Just a little over a quarter million people in the tropical island nation would head to vote in an election amid mounting international concerns for a lack of transparency and suppression of government critics.
Incumbent president Abdulla Yameen Abdul Gayoom is seeking a second five-year term in the Indian Ocean archipelago, a popular luxury tourist destination and a key state in the battle for influence between India and China.
Maldives has been embroiled in political turmoil in recent years as president Yameen jailed all of his political rivals as the government muzzled local media and heavily restricted fundamental constitutional rights and freedom of expression with a series of contentious laws.
In February the Supreme Court quashed the convictions of nine opposition figures, among them exiled former President Mohamed Nasheed, who was ousted from office in 2012.
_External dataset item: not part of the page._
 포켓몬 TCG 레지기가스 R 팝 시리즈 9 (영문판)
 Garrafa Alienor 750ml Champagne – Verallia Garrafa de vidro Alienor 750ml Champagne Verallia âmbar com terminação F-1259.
But after President Yameen declared a state of emergency and ordered the arrest of two judges, the court reversed its decision soon after.
The united opposition
Backed into a corner and facing oblivion, four political parties in the Maldives - ravaged by incessant political strife joined forces in March last year. Former presidents Maumoon Abdul Gayoom and Mohamed Nasheed along with Jumhoory Party (JP) leader Gasim Ibrahim and religiously conservative Adhaalath Party (AP) leader Imran Abdulla inked a once unthinkable pact to form dubbed as the 'reform alliance'.
The flailing opposition buoyed by the once unspeakable alliance injected a fresh impetus to its efforts against Yameen and his government. They had managed to deliver several body blows and significantly weaken Yameen's vice like grip on the country. But cost of the failure to bring a premature end to Yameen's government has been great as the remaining key political figures including the 80 year old Gayoom are now jailed on terrorism charges.
With the candidacy of all four leaders all but ruled out due to criminal convictions, the once unthinkable alliance had been trying to nominate a single candidate to stand against Yameen but Nasheed contesting and ultimately winning the presidential ticket of the main opposition Maldivian Democratic Party (MDP) had fractured the alliance and left it on the brink of collapse.
However, Nasheed pulled out to pave the way for his childhood friend and top opposition lawmaker Ibrahim Mohamed Solih to take his place.
Question marks over free elections
The opposition coalition says the Maldives election commission is working on behalf of president Yameen and will not allow observers to verify individual ballot papers, which could allow "massive vote counting fraud".
The Elections Commission however has rejected the allegations as "baseless."
Question marks also remain over the security forces and independent state institutions to provide any oversight of government actions.
On the eve of the elections, police had raided the main opposition campaign headquarters in the capital Male alleging "vote buying" which exemplified the obstacles facing the country.
Will the outcome change anything?
It seems unlikely that Maldives could hope for long term stability regardless of the outcome of the elections.
The just over 260,000 electorate would look to pick the lesser of the two evils: Yameen and the likelihood of further authoritarianism or Solih and the prospect of an unstable government of warring factions which could implode even if they win.